A questo proposito vale la pena di citare, tra le altre, alcune
affermazioni di Reger, riguardanti Heidegger (“in Heidegger mi ha
sempre disgustato tutto”), il “crimine della procreazione”
(“Fare un figlio oppure, come si suol dire con tanta ipocrisia,
dargli la vita, non significa altro che portare nel mondo e mettere
al mondo una infelicità palese, e di fronte a questa infelicità
palese tutti i genitori rimangono sgomenti”), l’infanzia (“se
non usciamo abbastanza presto dal buco dell’infanzia, da questo
buco nero, insomma, non ne usciamo più”), la sua idiosincrasia
verso il sole (“detesto il sole più di ogni altra cosa al mondo”),
l’importanza della pulizia dei gabinetti (“I viennesi e gli
austriaci in genere non hanno affatto la cultura della toilette, in
tutto il mondo lei non troverà dei gabinetti luridi e puzzolenti
come a Vienna”).

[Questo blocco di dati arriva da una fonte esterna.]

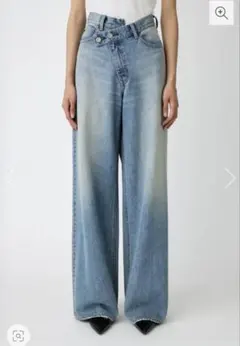 MOUSSY クロスウエストワイドストレートデニム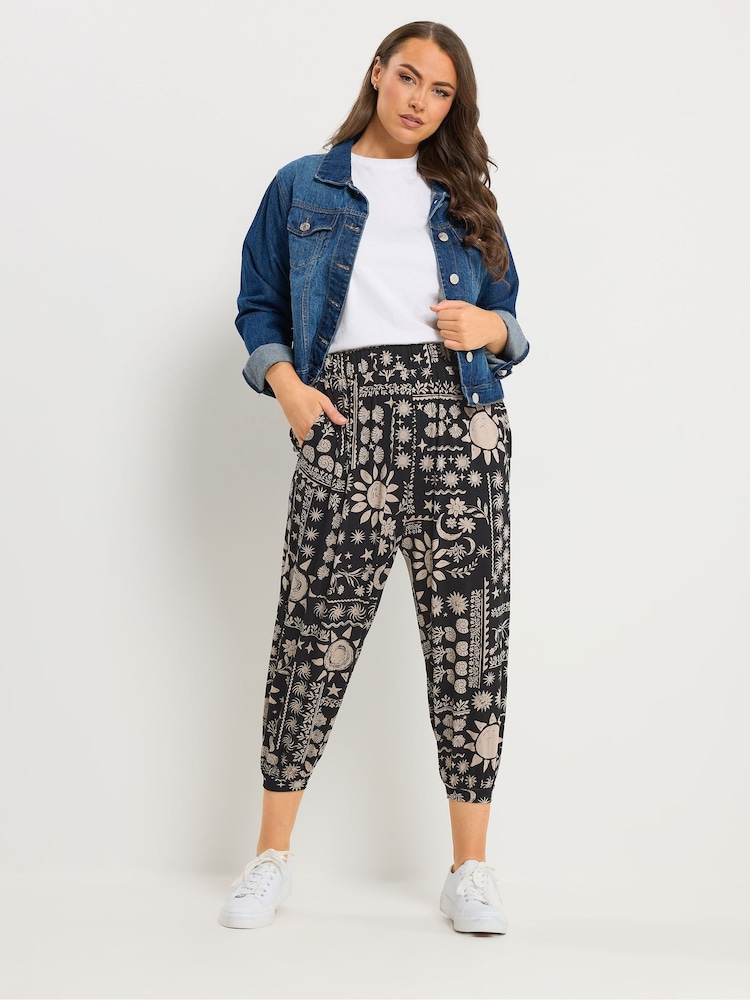 Yours Curve Black Celestial Cropped Harem Trousers - Image 2 of 5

C’è poi la denuncia del degrado della società,
della corruzione politica, della letteratura del proprio paese e
delle letture pubbliche (“Lo scrittore che sale sul podio pubblico
per leggere a voce alta la propria merda opportunista, se anche la
cerimonia si svolgesse nella Paulskirche di Francoforte, non è altro
che un miserabile guitto”), dello stato austriaco, della Chiesa
cattolica, fino ad inglobare la condanna del mondo intero: “Il
mondo e l’umanità si trovano ormai in uno stato infernale, uno
stato che, nella loro storia, il mondo e l’umanità non avevano mai
raggiunto”.
Antichi
Maestri, uscito nel 1985, è
l’opera nella quale Bernhard, quattro anni prima della sua morte,
rivela in modo esplicito e definitivo,
attraverso il proprio inconfondibile stile, il suo pensiero nei
confronti dell’arte, della cultura e dell’esistenza.